Health City Cayman Islands (HCCI) is a 3-year-old 104-bed Caribbean hospital outpost of the Bangalore, India-based Narayana Health System. Just an hour’s flight from Miami, Americans find its island location comfortably familiar, English-speaking, and modern.

Specializing in complicated or severe conditions, HCCI has developed care and business models that are so focused on quality and efficiency that it could radically change the standards by which U.S. hospitals are judged. Most importantly for patients and employers, it provides very high quality—it has been awarded the coveted Joint Commission International (JCI) quality credential—at one-half to one-sixth of U.S. pricing.

HCCI’s performance is the culmination of a deep commitment to access, efficiency, and excellence. Narayana Health’s (NH) Founder, Dr. Devi Shetty—who earlier in his career was Mother Teresa’s personal physician—began with a mission-driven awareness that healthcare is an essential need and must be affordable to be accessible. He spearheaded an enterprise-wide focus on process optimization to deliver the best care possible at the lowest possible price.

The results have been remarkable. Fifteen years ago, NH’s bundled costs for open heart surgery in India averaged about $2,000. Now, they are about $1,400, or about 1% of average U.S. costs.

The costs at the Caribbean hospital are higher, but still low compared to U.S. standards. A coronary artery bypass graft that typically costs about $151,000 here, is $32,000. Heart valve replacements, about $174,000 here, are $31,000. Hepatitis C treatments, which run about $75,000 here, are $19,000. Knee replacements which cost $60,000 here, are $16,000.


A relentless willingness to rethink

HCCI’s capacity to consistently deliver low costs and high-quality outcomes is rooted in a relentless willingness to rethink and execute better, more pragmatic approaches. Hospital common spaces—atriums and open areas—are smaller than we’ve come to expect in U.S. hospitals, significantly reducing overhead. Each patient room has its own heating and air conditioning unit and ducting, isolating the room’s air flow, which dramatically reduces infection. Operating rooms are connected to the laboratory by pneumatic tubes, so surgeons can get immediate information about patient specimens. Equipment, supplies, and drugs are purchased in Europe or India at a fraction of U.S. prices. Rather than receive a bewildering array of bills, HCCI uses bundled, all-inclusive pricing, so simplified that its billing department needs only three people. Every aspect of hospital function and care process is open to re-examination, which facilitates lots of minor and sometimes major improvements. Just after HCCI’s gala opening in April 2014, Robert Pearl MD, the CEO of the 19,000 physician Permanente Medical Group, wrote in Forbes, “Based on everything I saw in the Cayman Islands, the operational approaches in Dr. Shetty’s hospital are about 10 years ahead of those used in the typical U.S. hospital.

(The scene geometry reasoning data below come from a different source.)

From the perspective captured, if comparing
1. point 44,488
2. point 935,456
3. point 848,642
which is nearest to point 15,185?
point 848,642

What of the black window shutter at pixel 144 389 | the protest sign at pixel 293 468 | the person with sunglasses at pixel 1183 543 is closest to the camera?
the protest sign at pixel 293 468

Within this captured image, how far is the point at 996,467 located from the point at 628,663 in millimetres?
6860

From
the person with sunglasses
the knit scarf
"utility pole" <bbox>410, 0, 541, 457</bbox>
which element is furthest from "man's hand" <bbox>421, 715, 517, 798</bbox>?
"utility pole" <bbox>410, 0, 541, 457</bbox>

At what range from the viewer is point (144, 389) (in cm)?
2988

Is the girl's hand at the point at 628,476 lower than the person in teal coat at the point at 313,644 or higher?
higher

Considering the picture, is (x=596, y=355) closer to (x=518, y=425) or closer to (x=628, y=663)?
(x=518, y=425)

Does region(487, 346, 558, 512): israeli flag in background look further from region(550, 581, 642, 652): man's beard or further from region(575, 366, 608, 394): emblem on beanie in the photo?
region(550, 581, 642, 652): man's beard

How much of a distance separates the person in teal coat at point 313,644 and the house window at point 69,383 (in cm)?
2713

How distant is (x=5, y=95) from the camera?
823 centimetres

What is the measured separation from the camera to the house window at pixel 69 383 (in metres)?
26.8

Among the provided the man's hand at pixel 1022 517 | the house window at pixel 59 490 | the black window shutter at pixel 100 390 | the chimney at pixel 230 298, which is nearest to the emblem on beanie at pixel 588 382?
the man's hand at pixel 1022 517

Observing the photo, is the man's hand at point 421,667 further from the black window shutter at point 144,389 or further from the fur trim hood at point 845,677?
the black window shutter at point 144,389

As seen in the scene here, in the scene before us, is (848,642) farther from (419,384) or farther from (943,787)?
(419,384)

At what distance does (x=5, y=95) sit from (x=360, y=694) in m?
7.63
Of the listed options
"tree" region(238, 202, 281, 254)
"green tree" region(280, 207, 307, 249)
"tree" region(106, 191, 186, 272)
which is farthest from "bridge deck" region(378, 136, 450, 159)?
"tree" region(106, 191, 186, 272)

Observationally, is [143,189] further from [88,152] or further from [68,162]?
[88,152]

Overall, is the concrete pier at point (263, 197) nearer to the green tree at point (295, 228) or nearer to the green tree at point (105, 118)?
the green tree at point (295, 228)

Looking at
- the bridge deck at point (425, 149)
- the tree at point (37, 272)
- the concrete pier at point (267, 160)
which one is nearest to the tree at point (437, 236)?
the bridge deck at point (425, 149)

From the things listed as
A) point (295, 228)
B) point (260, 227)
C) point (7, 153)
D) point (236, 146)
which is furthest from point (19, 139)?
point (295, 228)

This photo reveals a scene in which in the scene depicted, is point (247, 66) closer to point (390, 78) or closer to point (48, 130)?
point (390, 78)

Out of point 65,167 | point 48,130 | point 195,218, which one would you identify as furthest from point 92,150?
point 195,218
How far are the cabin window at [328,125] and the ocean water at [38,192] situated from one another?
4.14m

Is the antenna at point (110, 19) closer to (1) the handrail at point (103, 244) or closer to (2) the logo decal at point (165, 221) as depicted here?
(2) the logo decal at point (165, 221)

HCCI’s health outcomes and pricing represent an opportunity for self-insured employers and unions, as well as for self-pay patients, to get genuinely superior care at far more affordable rates. While getting employers to consider sending patients outside U.S. borders for care has been a challenge, the trickle of those who have become convinced that the quality is strong enough to merit their consideration is growing rapidly.

Imagine how local and state governments, financially strapped by excessive healthcare costs, could benefit from a higher value resource like this. Florida’s Medicaid program, for example, has some 20,000 patients with Hepatitis C. Even with a discounted U.S. rate of, say, $54,000 each, HCCI’s bundled rate of $19,000—a difference of $35,000 per patient—could save the State about $700 million, funds that surely could be used more productively.

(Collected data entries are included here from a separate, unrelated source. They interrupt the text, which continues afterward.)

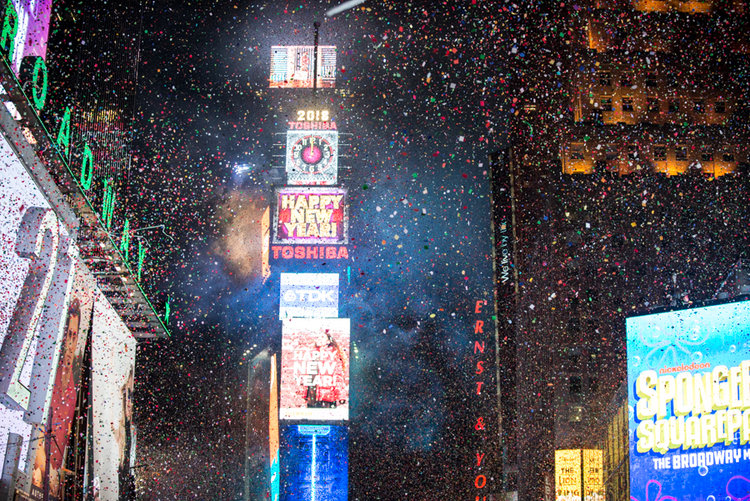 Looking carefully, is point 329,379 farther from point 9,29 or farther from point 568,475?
point 9,29

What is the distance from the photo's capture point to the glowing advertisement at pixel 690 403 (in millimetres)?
7980

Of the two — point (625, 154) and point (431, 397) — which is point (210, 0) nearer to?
point (431, 397)

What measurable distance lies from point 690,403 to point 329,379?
18.6 meters

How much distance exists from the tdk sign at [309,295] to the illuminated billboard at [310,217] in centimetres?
152

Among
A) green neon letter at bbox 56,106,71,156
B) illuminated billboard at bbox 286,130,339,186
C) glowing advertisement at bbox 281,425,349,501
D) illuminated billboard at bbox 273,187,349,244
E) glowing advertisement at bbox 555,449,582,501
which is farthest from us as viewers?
glowing advertisement at bbox 555,449,582,501

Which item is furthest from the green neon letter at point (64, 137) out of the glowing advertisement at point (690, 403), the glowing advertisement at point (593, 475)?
the glowing advertisement at point (593, 475)

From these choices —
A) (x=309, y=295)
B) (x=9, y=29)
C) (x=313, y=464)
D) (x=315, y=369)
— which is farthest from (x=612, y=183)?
(x=9, y=29)

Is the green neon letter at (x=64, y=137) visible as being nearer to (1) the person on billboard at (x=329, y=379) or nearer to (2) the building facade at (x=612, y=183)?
(1) the person on billboard at (x=329, y=379)

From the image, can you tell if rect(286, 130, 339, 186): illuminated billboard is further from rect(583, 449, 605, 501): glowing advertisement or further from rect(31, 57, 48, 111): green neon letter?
rect(31, 57, 48, 111): green neon letter

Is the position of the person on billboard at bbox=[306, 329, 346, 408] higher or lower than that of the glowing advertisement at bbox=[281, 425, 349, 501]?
higher

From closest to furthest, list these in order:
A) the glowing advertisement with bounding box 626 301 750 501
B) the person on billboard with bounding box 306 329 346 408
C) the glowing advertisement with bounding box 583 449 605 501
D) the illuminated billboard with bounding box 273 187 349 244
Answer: the glowing advertisement with bounding box 626 301 750 501, the person on billboard with bounding box 306 329 346 408, the illuminated billboard with bounding box 273 187 349 244, the glowing advertisement with bounding box 583 449 605 501

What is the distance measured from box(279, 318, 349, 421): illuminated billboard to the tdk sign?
31 cm

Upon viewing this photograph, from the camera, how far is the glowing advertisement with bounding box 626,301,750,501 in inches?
314

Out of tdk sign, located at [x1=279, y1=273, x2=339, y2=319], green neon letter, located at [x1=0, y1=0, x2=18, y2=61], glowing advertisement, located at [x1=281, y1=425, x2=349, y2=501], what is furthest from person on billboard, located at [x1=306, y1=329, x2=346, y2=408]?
green neon letter, located at [x1=0, y1=0, x2=18, y2=61] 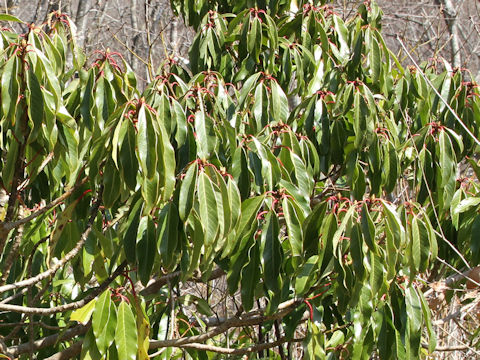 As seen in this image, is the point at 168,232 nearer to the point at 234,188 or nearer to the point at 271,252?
the point at 234,188

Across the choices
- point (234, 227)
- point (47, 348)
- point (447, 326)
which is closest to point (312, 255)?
point (234, 227)

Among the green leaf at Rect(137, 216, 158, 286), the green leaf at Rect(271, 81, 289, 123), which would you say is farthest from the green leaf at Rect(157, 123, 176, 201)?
the green leaf at Rect(271, 81, 289, 123)

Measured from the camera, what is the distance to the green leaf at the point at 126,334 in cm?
207

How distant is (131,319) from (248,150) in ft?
2.02

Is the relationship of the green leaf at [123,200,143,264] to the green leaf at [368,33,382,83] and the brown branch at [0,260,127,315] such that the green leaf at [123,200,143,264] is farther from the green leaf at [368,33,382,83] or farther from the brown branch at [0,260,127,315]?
the green leaf at [368,33,382,83]

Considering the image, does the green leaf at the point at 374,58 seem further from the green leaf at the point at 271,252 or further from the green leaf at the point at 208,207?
the green leaf at the point at 208,207

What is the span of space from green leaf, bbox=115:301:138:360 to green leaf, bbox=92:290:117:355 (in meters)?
0.02

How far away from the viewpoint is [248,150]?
2.24 m

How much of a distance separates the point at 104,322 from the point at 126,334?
7cm

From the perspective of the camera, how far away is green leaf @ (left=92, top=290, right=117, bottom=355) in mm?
2047

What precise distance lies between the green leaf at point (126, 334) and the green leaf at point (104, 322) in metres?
0.02

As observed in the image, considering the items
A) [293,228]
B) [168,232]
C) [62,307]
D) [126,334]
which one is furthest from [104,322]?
[293,228]

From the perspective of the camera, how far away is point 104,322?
206 centimetres

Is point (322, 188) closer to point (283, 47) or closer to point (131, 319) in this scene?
point (283, 47) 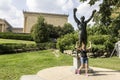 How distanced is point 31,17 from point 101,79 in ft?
271

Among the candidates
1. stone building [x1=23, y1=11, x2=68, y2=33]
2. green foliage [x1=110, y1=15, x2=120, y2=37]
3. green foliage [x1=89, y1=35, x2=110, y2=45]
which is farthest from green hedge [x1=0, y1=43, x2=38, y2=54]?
stone building [x1=23, y1=11, x2=68, y2=33]

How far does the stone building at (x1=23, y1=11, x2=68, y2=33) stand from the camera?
91725 mm

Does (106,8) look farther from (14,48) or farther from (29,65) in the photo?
(14,48)

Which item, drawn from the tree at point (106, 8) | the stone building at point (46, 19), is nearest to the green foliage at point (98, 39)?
the tree at point (106, 8)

It is important to acknowledge that there are U.S. hospitals that have achieved superb quality or very notable cost streamlining. But rarely do we see a single-minded organizational emphasis on both affordable cost and quality excellence, consistently delivered. That is HCCI’s innovation.


The bottom line

Against a backdrop of systemic healthcare excess, American employers will increasingly opt for equal or better care at lower cost from facilities like HCCI. That could force domestic hospitals to follow suit, and help to bring American healthcare back into balance.